By Julia Amting
Guys I am so unqualified to do this work. This work of writing posts to inspire people to love Jesus more, to love their lives more, to fully embrace everything that they were created to be (as goes the mantra of this blog.)
I am unqualified to act like I have it all together, telling you what to do in order to be the an exemplary Christian, to tell you to give all that you are to Jesus because he brings true fulfillment and happiness.
I am unqualified to do that work because I am so broken. I often wonder how in the world I’m supposed to inspire people and lead souls to the open loving arms of Jesus when I can’t seem to inspire myself, and constantly wander away from Christ’s loving embrace.
The other night I had a breakdown. I was angry with God. I was just irreversibly bored with life, and felt like every time I trusted the Lord to fill me He left me empty. I felt like I just couldn’t meet His expectations, my life and my spirituality feeling like a list of “should do’s” I felt like God was holding out on me because I was trying my best to be close to Him and felt nothing. I felt lonely and unloved, and the future seemed gray. Sound familiar?

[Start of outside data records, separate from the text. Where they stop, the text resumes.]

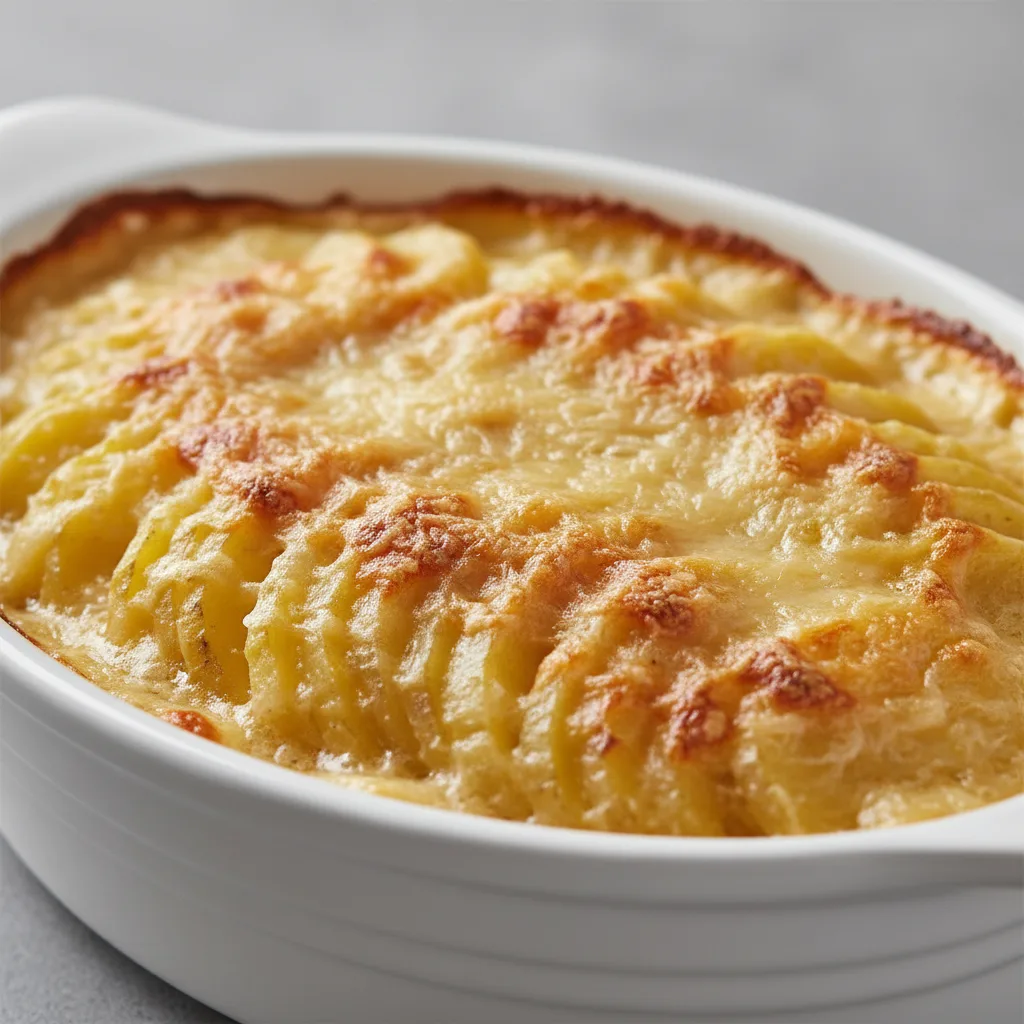 Scalloped Potatoes Scalloped Potatoes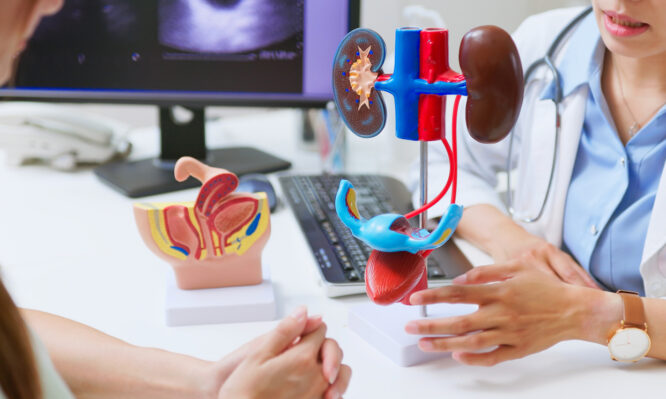 νεφρική δυσλειτουργία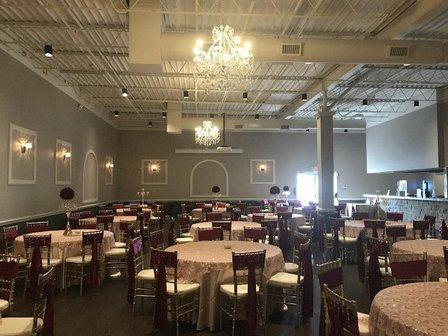 Le Rose Ballroom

This may seem dramatic. This may seem like I’m whining when I don’t have much to complain about. After all, I am a middle class, white American with a loving family, some amazing friends, and a great community. I have food on my table every day, and I live in complete freedom. I have amazing opportunities to learn and to be educated.
Furthermore, I KNOW that He died for me. He suffered all of my sins and doubts and pains already. He died and He conquered death. I am already victorious because of the Resurrection. I know that He knows the plans He has for me, plans for my welfare and not for woe, plans to give me a future full of hope. I know that all things work for the good of those who love Him. I know that no pain is meaningless, that all suffering has meaning in Him. That He causes no pain without allowing something new to grow.

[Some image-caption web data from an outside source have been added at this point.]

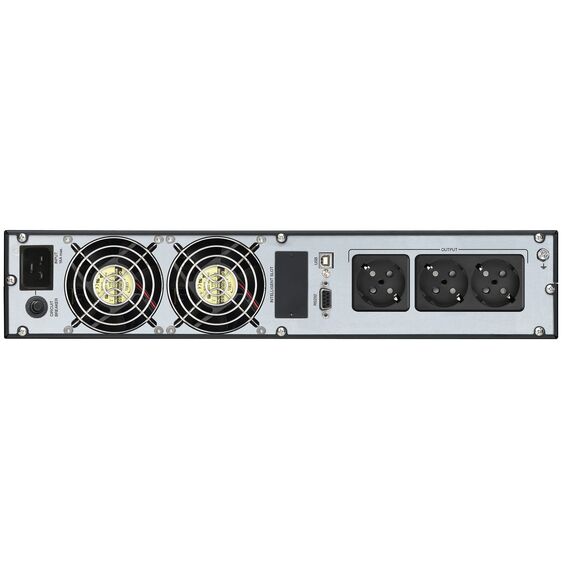 FSP Champ Rack 3K, Double-conversion (Online), 3 kVA | PPF27A1102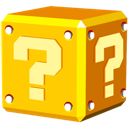 mario, question icon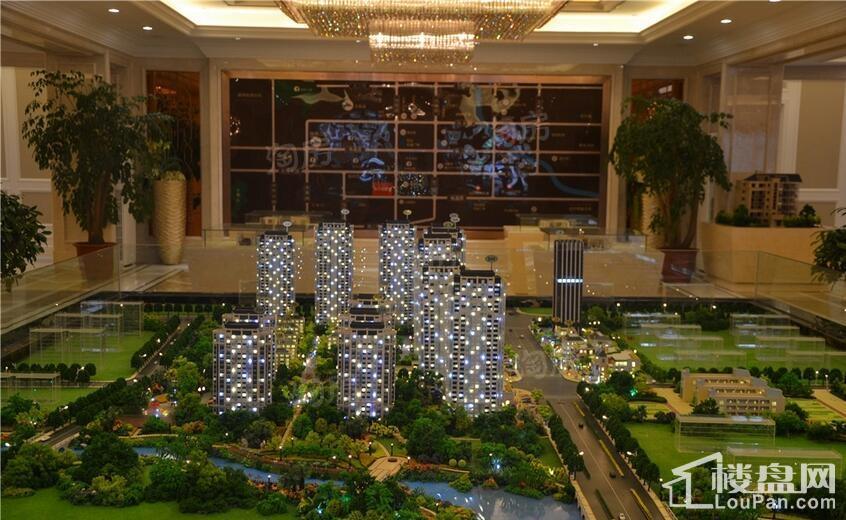 海尔公馆实景图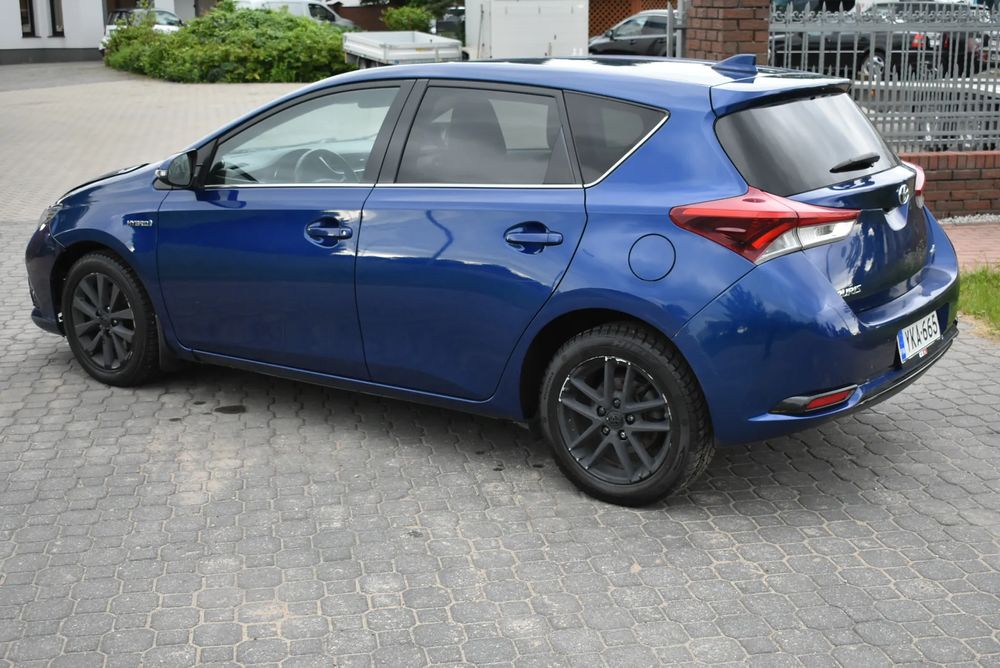 Toyota Auris II 2018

So I felt guilty. I felt awful for feeling so awful, because my crosses are so small, and my God is so Good. I felt like I was offending Jesus by being mad at Him. That I am a further failure by telling Jesus that I actually don’t trust Him, that I feel like He owes me something more.
But if there’s anything I’ve learned, it’s that it’s as dangerous to belittle our crosses as it is to let them define us. When we do that, we begin to view them as illegitimate, and we begin to think that they are illegitimate to God. The devil uses this lie to separate us from God, because we begin to think that our crosses are so small that we should be able to handle them ourselves. This results in pride, and more reliance on ourselves. This results in us hiding our true feelings from God, because we are ashamed of them. Upset at ourselves for being upset. Angry because we are angry. These are real feelings, these are things that all of broken humanity feels every day, no matter how small their problems, no matter how big the cross they are called to carry. And we don’t talk about it enough.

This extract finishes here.